INFORMATION SUPPLIED:
====
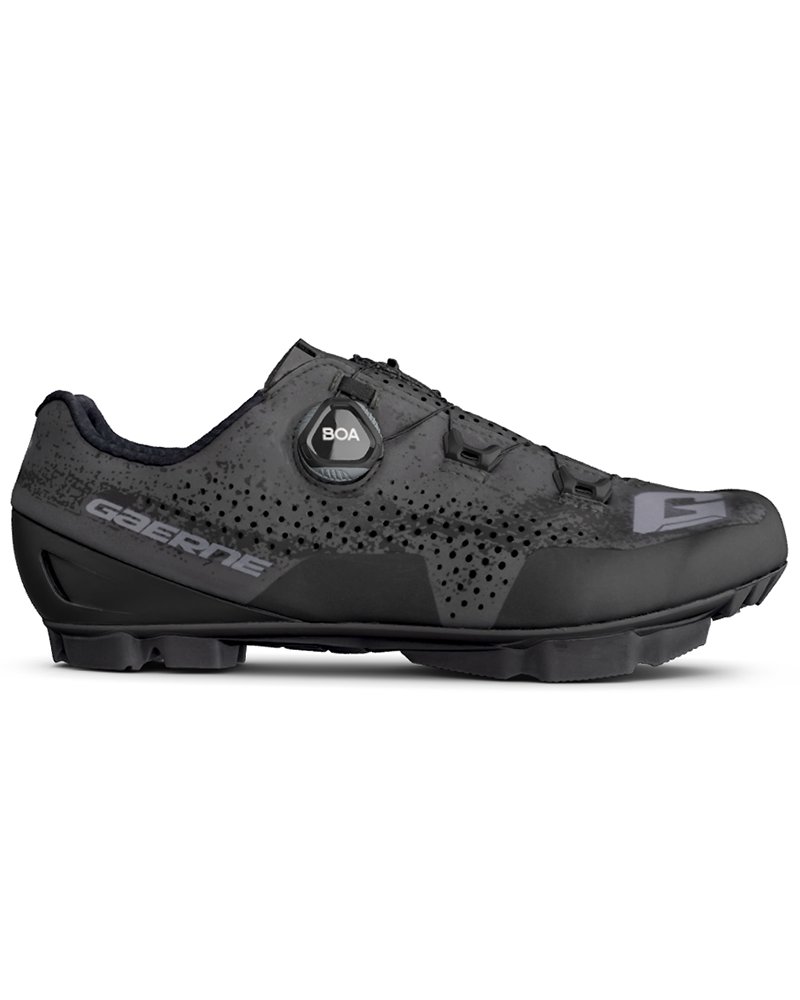 Gaerne G. Lampo Scarpe MTB Ciclismo, Core Black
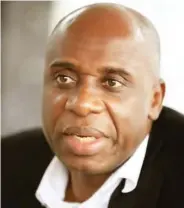  ??  ?? Former Governor Rotimi Amaechi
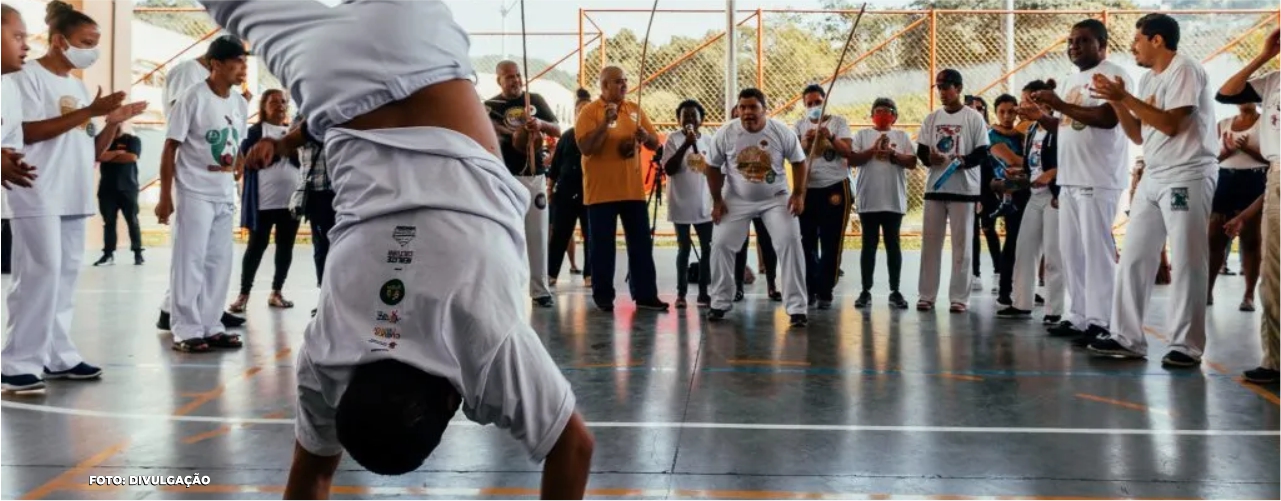 Projeto de Niterói Leva Cultura e Inclusão Através da Capoeira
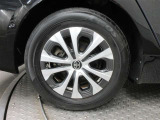 純正アルミホイール装備!!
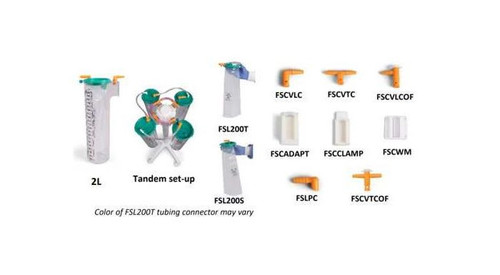 MED-FLEX Vacuum T-Connector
====
WORK INSTRUCTION: The material is to be written out word for word, and the pictures are to be left out.

EXERCISE RESULT:
 Gaerne G. Lampo Scarpe MTB Ciclismo, Core Black
  ??  ?? Former Governor Rotimi Amaechi
 Projeto de Niterói Leva Cultura e Inclusão Através da Capoeira
 純正アルミホイール装備!!
 MED-FLEX Vacuum T-Connector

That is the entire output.